Panel professionnel | Assemblages rouges d’Afrique du Sud

Le meilleur du Cap

Texte: André Dominé, photos: Maree Louw

En dehors des vins monocépage, les vignerons sud-africains ne proposaient jadis que des assemblages de cépages bordelais. Mais leur créativité a eu raison de ce cadre strict. Une réussite acclamée par la critique et le grand public. Quel style a aujourd’hui le vent en poupe? Les assemblages bordelais continuent-ils de dominer la scène viticole? Nous avons confronté des assemblages du Cap, à base de Pinotage ou de Shiraz, mais aussi de cépages méditerranéens et de diverses origines. Une dégustation difficile, mais captivante.

«Pas facile du tout, cette dégustation», se plaint Johan Edström, le touche-à-tout œnophile suédois, «nous avons eu tous les assemblages possibles: Rhône, Bordeaux, Cap... Les vins présentaient des caractéristiques très différentes. Certains avaient un style sud-africain assez démodé, mais la plupart étaient résolument modernes. L’Afrique du Sud a fait d’énormes progrès!» Nous avons profité du Cape Wine Show, organisé tous les trois ans par la nation arc-en-ciel, pour passer au crible les assemblages rouges. Ce salon attirant des professionnels du monde entier, nous avons réuni huit dégustateurs chevronnés de cinq pays différents pour éviter qu’un goût ne domine le panel. «C’était une dégustation pleine de surprises», déclare Jo Wessels, un sommelier primé à quatre reprises en 2018. «Les grands noms étaient présents. Mais à les déguster ensemble à l’aveugle, on obtient un résultat différent de celui auquel on pourrait s’attendre. En termes de qualité, ils présentent tous un niveau vraiment très élevé.» 
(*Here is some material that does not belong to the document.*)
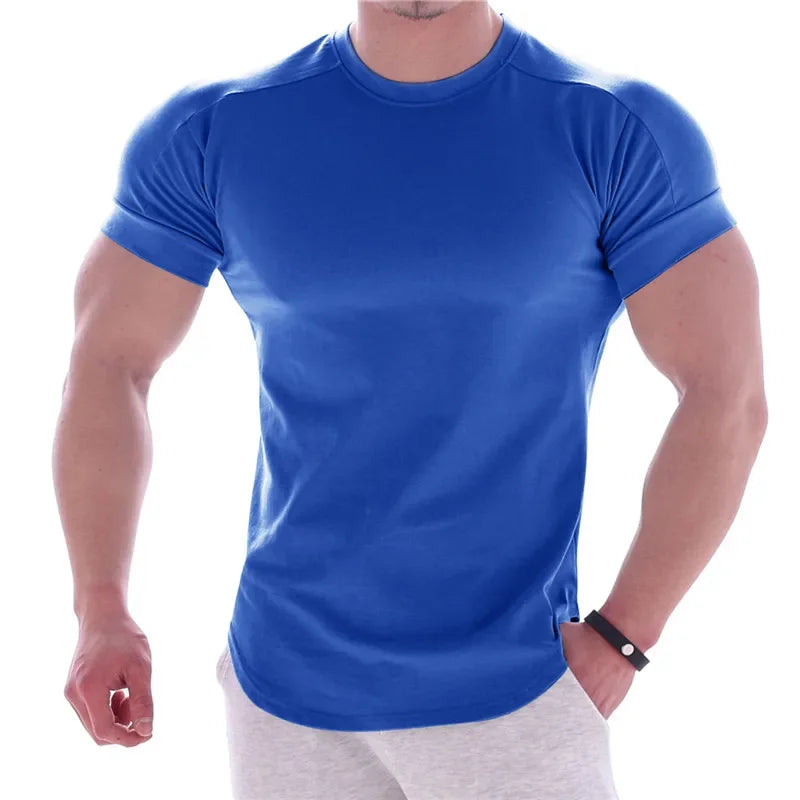 NEW Men Summer T Shirts High Elastic Slim Fit T shirt Men Quick-drying Curved Hem Mens T-Shirts Fitness casual Solid Color tops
Au lieu de déguster les vins dans l’atmosphère fébrile du salon, nous avons accepté l’offre de Harald Bresselschmidt. Le chef du très renommé restaurant «Aubergine» au Cap nous a déniché un lieu idéal: son annexe «Auslese» consacrée au vin. Ralph Reynolds, sommelier de l’«Aubergine», s’est chargé de toute la logistique. Il a laissé décanter les 25 vins une heure à l’avance dans des carafes identiques, qu’il a numérotées et alignées dans une pièce voisine, où chacun des huit dégustateurs pouvait se servir en respectant un ordre prédéfini. L’élégante salle renfermait une longue table recouverte d’une nappe blanche, permettant à l’équipe de dégustateurs de se concentrer. C’est dans ce décor que les différents assemblages primés d’Afrique du Sud se sont confrontés. 

Le jury

(de gauche à droite)

Johan Edström
Auteur, dégustateur et formateur viticole, Stockholm (SE)

André Dominé
Auteur spécialisé dans le vin, Trilla (FR)

Chantelle Gous
Sommelière en chef, Singita Sabi Sand Reserve (RSA)

Ralph Reynolds
Sommelier, Aubergine, Le Cap (RSA)

Christine Austin
Auteure spécialisée dans le vin et membre de jury, Londres (GB) 

François Rautenbach
Directeur de Singita Premier Wine, Stellenbosch (RSA)

Jo Wessels
Sommelier, Wiesbaden/Bloemfontein (DE + RSA)

Thomas Vaterlaus
Rédacteur en chef de VINUM, Zurich (CH)

Un 2015 encore très jeune

Allons droit au but: les quatre assemblages bordelais issus d’un millésime 2015, pourtant encensé par la critique internationale, ont été à la peine. En raison d’une concentration élevée, d’une extraction souvent intense ou d’une macération prolongée, suivie dans la plupart des cas de 18 à 24 mois d’élevage en chêne neuf en grande partie, ils nous ont paru très jeunes et pas vraiment harmonieux en dépit du brillant avenir auquel ils sont promis. Ces assemblages, souvent dominés par le Cabernet Sauvignon et plus alcoolisés que les vins des autres catégories, n’ont en aucun cas été sabrés – il s’agit après tout de grands vins –, mais n’ont pas non plus suscité l’enthousiasme de notre panel. Voici les notes du sommelier Ralph Reynolds concernant le célèbre Paul Sauer de Kanonkop: «Profonde complexité, expressif, bien structuré, mais encore très jeune.» 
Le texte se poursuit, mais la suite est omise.